> WORK ORDER
Retype the listing below exactly, pictures removed.
(DATASET SECTION begins)
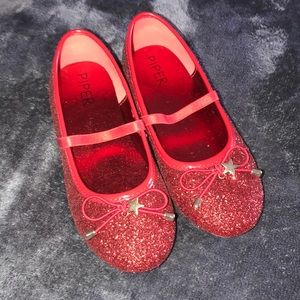 Little girls Red glitzy shoes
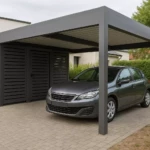 Carport aluminium BORÉAL avec abri fermé et portillon BELLERIVE – lattes aluminium 80 mm ajourées – toiture bac acier – fabrication française EUROFACTORY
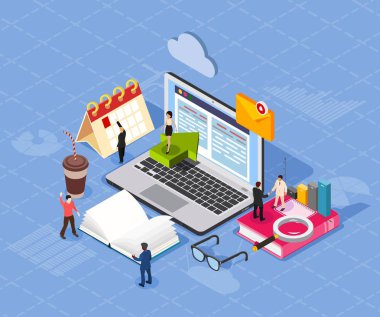 Mavi bir arka planda iş takım çalışması vektör kavramı. Laptop, insanların rakamlar, işaretler ve iş ve medya sembolleri. Vektör Illustration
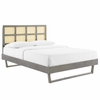 Sidney Cane and Wood Queen Platform Bed with Angular Legs in Gray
(DATASET SECTION ends)
> WRITTEN ANSWER
 Little girls Red glitzy shoes
 Carport aluminium BORÉAL avec abri fermé et portillon BELLERIVE – lattes aluminium 80 mm ajourées – toiture bac acier – fabrication française EUROFACTORY
 Mavi bir arka planda iş takım çalışması vektör kavramı. Laptop, insanların rakamlar, işaretler ve iş ve medya sembolleri. Vektör Illustration
 Sidney Cane and Wood Queen Platform Bed with Angular Legs in Gray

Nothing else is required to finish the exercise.